- Opening Delimiter -

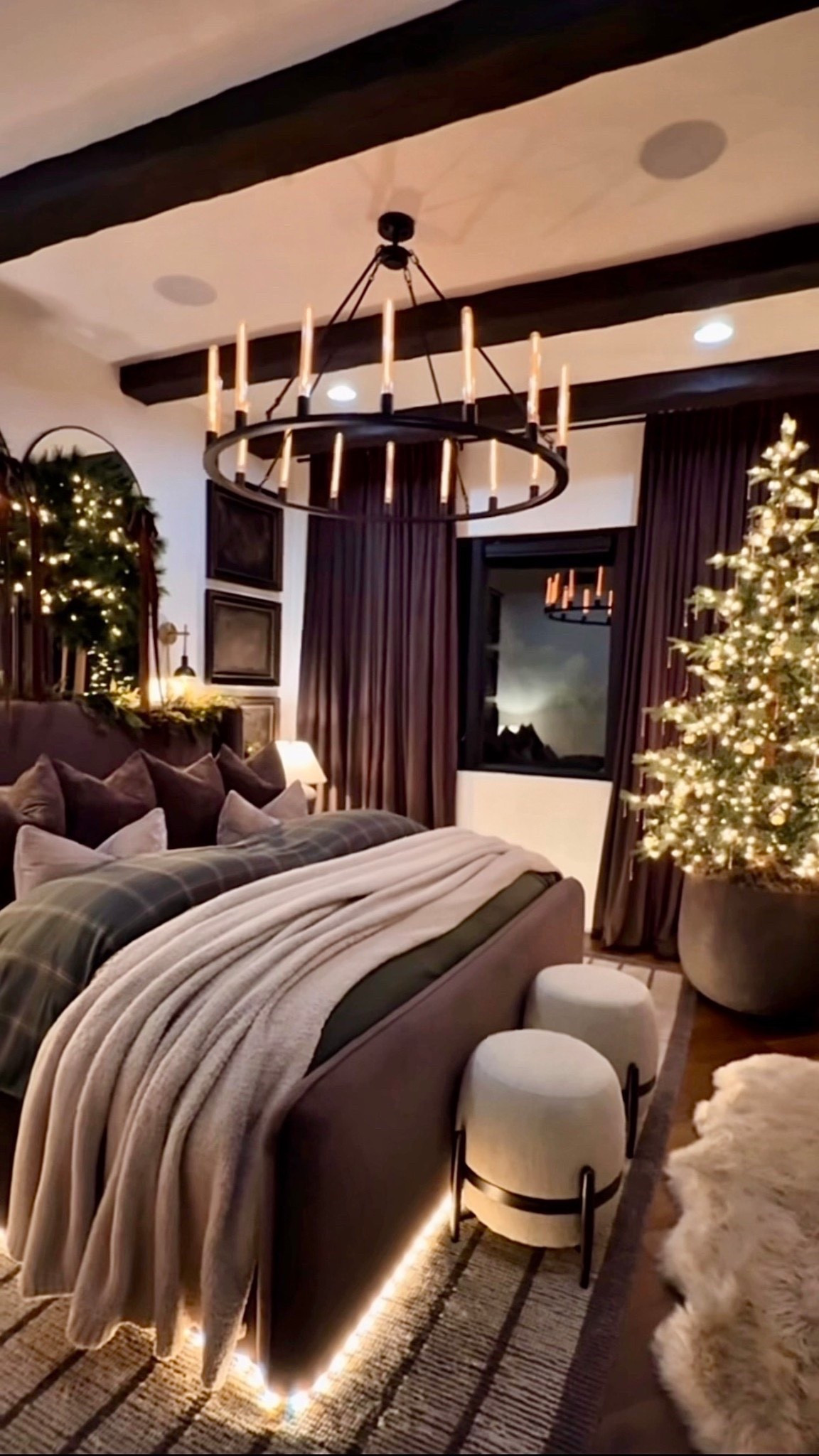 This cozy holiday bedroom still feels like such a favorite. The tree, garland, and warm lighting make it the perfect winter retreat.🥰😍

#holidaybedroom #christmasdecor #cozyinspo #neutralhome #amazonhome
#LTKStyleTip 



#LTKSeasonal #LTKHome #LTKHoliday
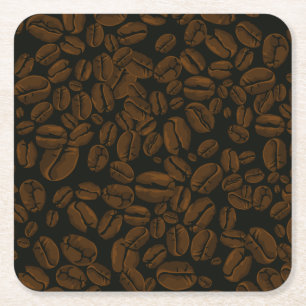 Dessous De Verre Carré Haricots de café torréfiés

- Closing Delimiter -
- Opening Delimiter -

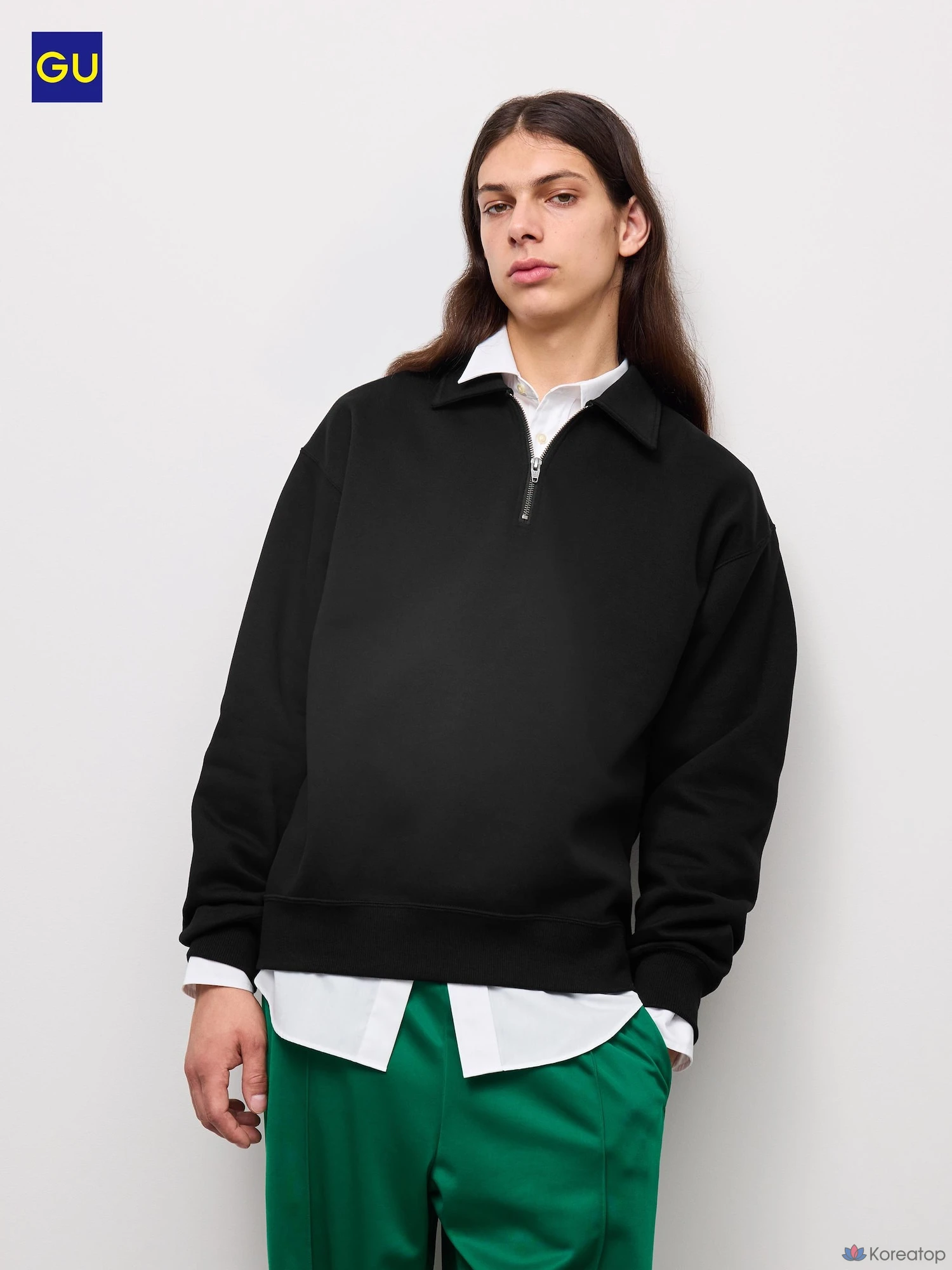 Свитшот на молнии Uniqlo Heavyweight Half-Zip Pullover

- Closing Delimiter -

*Try it:* Between and including the line with "#holidaybedroom #christmasdecor #cozyinspo" and the line with "Dessous De Verre", repeat every line exactly as it appears above, with pictures left out.

*Output of the exercise:*
#holidaybedroom #christmasdecor #cozyinspo #neutralhome #amazonhome
#LTKStyleTip 



#LTKSeasonal #LTKHome #LTKHoliday
 Dessous De Verre Carré Haricots de café torréfiés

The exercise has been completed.